LOS ANGELES — Imogen Poots is delivering a raw, full-body performance in Kristen Stewart’s feature-directing debut, “The Chronology of Water”, as the drama begins rolling out in select U.S. theaters from Dec. 5, 2025, with U.K. and Irish cinemas set for Feb. 6, 2026. Stewart’s adaptation of Lidia Yuknavitch’s memoir follows a swimmer turned writer as she tries to outrun an abusive childhood and remake trauma into art. Dec. 21, 2025.
The Chronology of Water and the art of making memory physical
Stewart has described the project as less a conventional biopic than a way to translate what Yuknavitch’s book does on the page. Speaking after the Cannes premiere, Stewart told Reuters: “I’m so proud of it. It’s like watching your kid go to school.” She also cited a line that pushed her toward the screen: “Can you hold life and death in the same sentence?”
That push-pull energy defines “The Chronology of Water” on film: memory shards, sensory flashes and sudden quiet where Poots’ face does the heavy lifting. Poots plays Yuknavitch with a volatility that moves from swagger to self-erasure without warning, turning even the character’s worst decisions into something recognizably human. The performance is fearless, but never ornamental.
Stewart’s camera often stays close to the body — water, breath, bruises, ink — as if the story can only be understood through sensation. Poots meets that approach head-on, making the film’s harder turns feel earned rather than engineered.
A long current to the screen for The Chronology of Water
The movie’s arrival closes a loop for a story that readers have been carrying for more than a decade. In a 2011 review, Publishers Weekly noted that the memoir’s events “swim in and out” of one another — a structure that rejects tidy chronology in favor of bodily memory.
Stewart publicly attached herself to the adaptation at Cannes in 2018, when Willamette Week reported she planned to direct the film as her feature debut. Even with Stewart’s profile, the financing took years to assemble; in early 2024, she said she was done taking the easy “yes” until this movie moved forward, according to Them.
Now distribution has caught up to that persistence. The British Film Institute said BFI Distribution will release “The Chronology of Water” in the U.K. and Ireland from Feb. 6, 2026. In the U.S., the film is currently playing in limited release, according to Rotten Tomatoes.

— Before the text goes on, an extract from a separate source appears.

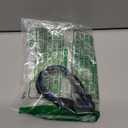 Paracord Bracelet for Men - Twisted Rope Bracelets for Men, Handmade Mens Bracelets Jewelry, Boyfriend Gifts Birthday, Pulseras Para Hombres, Men's Bracelet Gifts for Son (8, RoyalBlue)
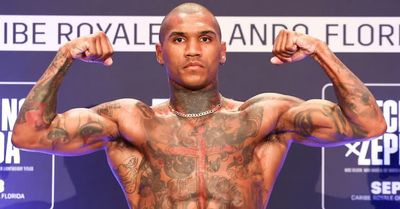 Conor Benn Next Fight: Will 'The Destroyer' Fight Chris Eubank Jr?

Whether viewers find Stewart’s approach hypnotic or abrasive, most critics agree on one thing: Poots is the anchor. On RogerEbert.com, reviewer Sheila O’Malley argues that Stewart’s earlier short “Come Swim” works as a prelude, and that the new film builds its emotional force by showing how a person learns to shape memories into something survivable.
For audiences, “The Chronology of Water” is likely to be as challenging as it is cathartic: a debut that doesn’t sand down the memoir’s rough edges, and a star turn that refuses to look away.